◆ **SOURCE MATERIAL**:
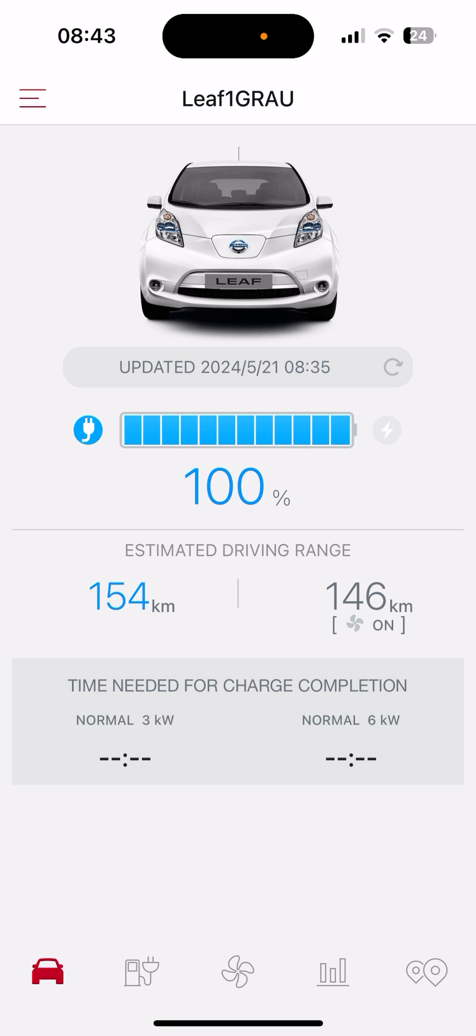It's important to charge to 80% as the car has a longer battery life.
...
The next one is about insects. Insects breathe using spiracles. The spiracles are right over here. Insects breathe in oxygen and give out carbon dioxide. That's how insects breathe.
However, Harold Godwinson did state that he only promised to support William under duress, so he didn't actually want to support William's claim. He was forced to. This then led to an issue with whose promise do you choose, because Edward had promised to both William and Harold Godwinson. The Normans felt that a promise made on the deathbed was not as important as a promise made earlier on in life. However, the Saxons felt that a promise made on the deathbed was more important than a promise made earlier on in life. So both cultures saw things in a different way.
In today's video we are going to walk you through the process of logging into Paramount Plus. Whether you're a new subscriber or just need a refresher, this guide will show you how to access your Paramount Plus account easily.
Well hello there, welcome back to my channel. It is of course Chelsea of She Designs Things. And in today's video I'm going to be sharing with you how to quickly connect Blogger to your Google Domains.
...
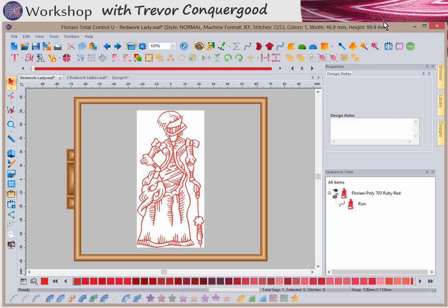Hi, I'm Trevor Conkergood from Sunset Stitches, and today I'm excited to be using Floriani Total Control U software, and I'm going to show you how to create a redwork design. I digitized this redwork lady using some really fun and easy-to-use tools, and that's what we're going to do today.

◆ **ACTIVITY**:
Look above for the line containing "However, Harold Godwinson" and the line containing "Well hello there, welcome". Transcribe both, with the lines between them, exactly.

◆ **TASK RESULT**:
However, Harold Godwinson did state that he only promised to support William under duress, so he didn't actually want to support William's claim. He was forced to. This then led to an issue with whose promise do you choose, because Edward had promised to both William and Harold Godwinson. The Normans felt that a promise made on the deathbed was not as important as a promise made earlier on in life. However, the Saxons felt that a promise made on the deathbed was more important than a promise made earlier on in life. So both cultures saw things in a different way.
In today's video we are going to walk you through the process of logging into Paramount Plus. Whether you're a new subscriber or just need a refresher, this guide will show you how to access your Paramount Plus account easily.
Well hello there, welcome back to my channel. It is of course Chelsea of She Designs Things. And in today's video I'm going to be sharing with you how to quickly connect Blogger to your Google Domains.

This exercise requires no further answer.